Padraig Harrington feels at 2026 Ryder Cup in his native Ireland will be “too late” for him to be captain and will put his hat into the ring for 2020 or 2022.
The three-time major winner won’t wait for the lavish Adare Manor, owned by billionaire JP McManus, to win the Ryder Cup as expected in 2026 and instead thinks that 2020, at Whistling Straits in Wisconsin, would be the ideal time for him.
“I’d love to be a Ryder Cup captain down the road and putting my name in the ring is something that is happening sooner rather than later; I don’t think I’m playing my way on to any team too soon,” said the Irishman, speaking at the Open Championship launch at Carnoustie yesterday.

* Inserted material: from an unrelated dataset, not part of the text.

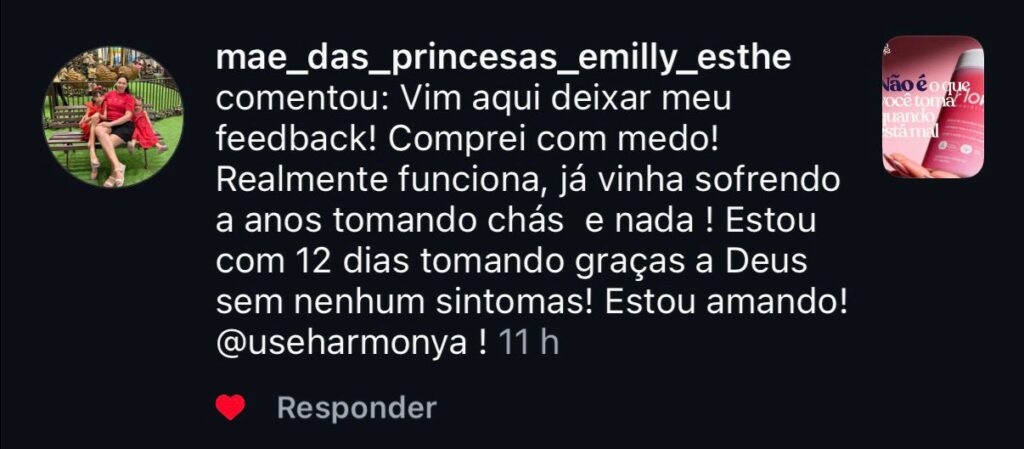 Comentário real de cliente FloraBe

“2026 is too late. I would be somewhat out of touch and there will be a lot of good players coming on the scene who would looking for the captaincy then. As much as I’d like to be captain in Ireland, it’s too much of a risk to wait until then.”
Harrington thinks that it seems 2020 would be his best bet, although that would mean three out of the last four European captains being Irishmen.
“It would be good timing for me, 2020, for where I am in my career,” he said. “I’ll probably be finished playing in the US by then, and by 2020 I’d be back playing in Europe. If you’re Ryder Cup captain you would need to do that because of all the official duties.”
While at the end stage of his career on the main tours, the 46-year-old thinks that the Open represents the best chance for older players to win majors, as Phil Mickelson, Henrik Stenson, Ernie Els and Darren Clarke have done this decade.
“It’s just the variety of shots that need to be hit, it doesn’t play into the hands of the young bombers,” he said. “It’s not just about hitting a high, straight shot, that won’t work around an Open course, there’s lot of options.
“If it gets sunny and not very windy than that favours the young bombers. But if it’s windy and a little bit bouncy, hitting the ball 320 yards can get you in a lot of trouble.”